Here is what I mean. Some manufacturers like to use a lower pressure to rate their products. This lower pressure makes it seem like their products will use less compressed air in your system. But, like with the serving sizes, it can be deceiving. It is not a lie that they are telling, but it is a bit of misconception. To do an actual comparisons, we have to compare the flow rates at the same pressure (like comparing the carbohydrates at the same serving size). For example, MfgA likes to rate their nozzles at a pressure of 72.5 PSIG. EXAIR rates their nozzles at 80 PSIG as this is the most common pressure for point-of-use equipment. You can see where I am going with this.
To compare nozzles of the same size, MfgA nozzle has a flow rate of 34 SCFM at 72.5 PSIG, and EXAIR model 1104 Super Air Nozzle has a rating of 35 SCFM at 80 psig. From an initial observation, it looks like MfgA has a lower flow rating. To do the correct comparison, we have to adjust the flow rate to the same pressure. This is done by multiplying the flow of MfgA nozzle by the ratio of absolute pressures. (Absolute pressure is gage pressure plus 14.7 PSI). The ratio of absolute pressures is: (80PSIG + 14.7) / (72.5PSIG + 14.7) = 1.09. Therefore; the flow rate at 80 PSIG for MfgA nozzle is now 34 SCFM * 1.09 = 37 SCFM. Now we can compare the flow rates for each compressed air nozzle. Like adjusting the serving size to 1 cup of cereal, the MfgA will use 9% more compressed air in your system than the EXAIR model 1104 Super Air Nozzle. This may not seem like much, but over time it will add up.
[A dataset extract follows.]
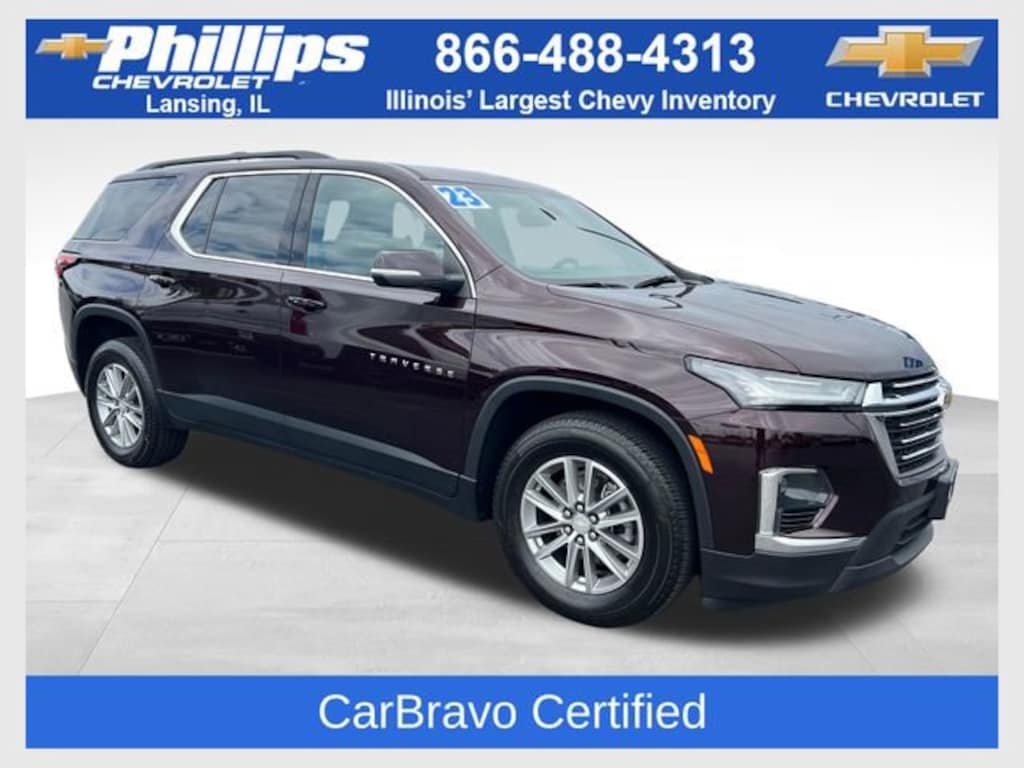 Used 2023 Chevrolet Traverse LT Leather SUV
And, there is no need to waste additional compressed air.
The EXAIR Super Air Nozzles are designed to entrain more ambient air than compressed air needed. This will save you on your pneumatic system, which in turn will save you money. The other design features gives the EXAIR Super Air Nozzle more force, less noise, and still meet the OSHA compliance.
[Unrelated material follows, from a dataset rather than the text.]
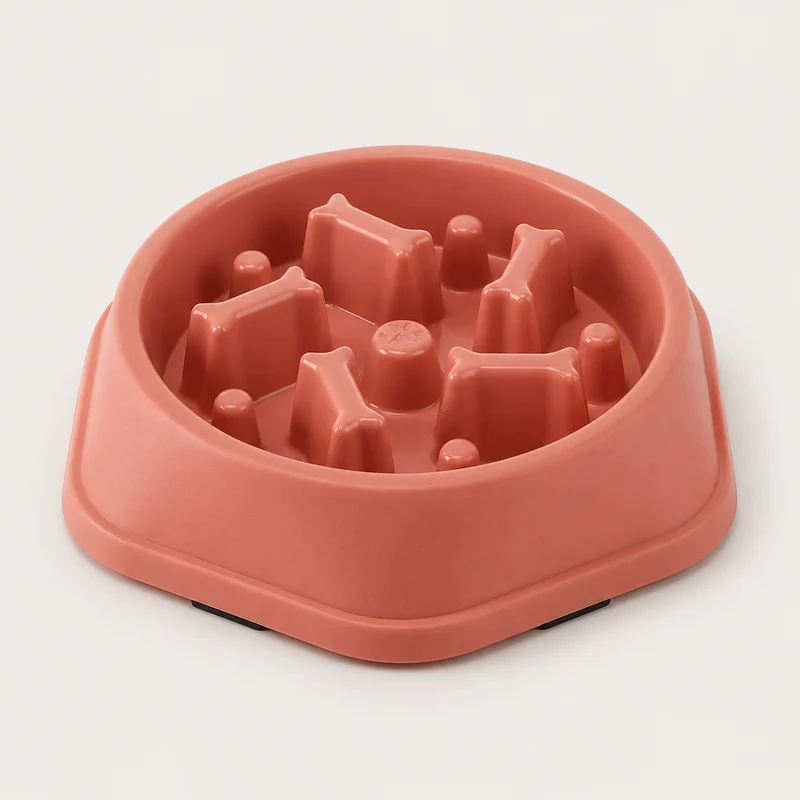 Gamelle Anti-Glouton pour Chien & Chat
If you want to run a healthier compressed air system, it is important to evaluate the amount of compressed air that you are using. To do this correctly, you always want to compare the information at the same pressure. By using the EXAIR Super Air Nozzles in your compressed air system, you will only have to worry about your own weight, not your pneumatic system.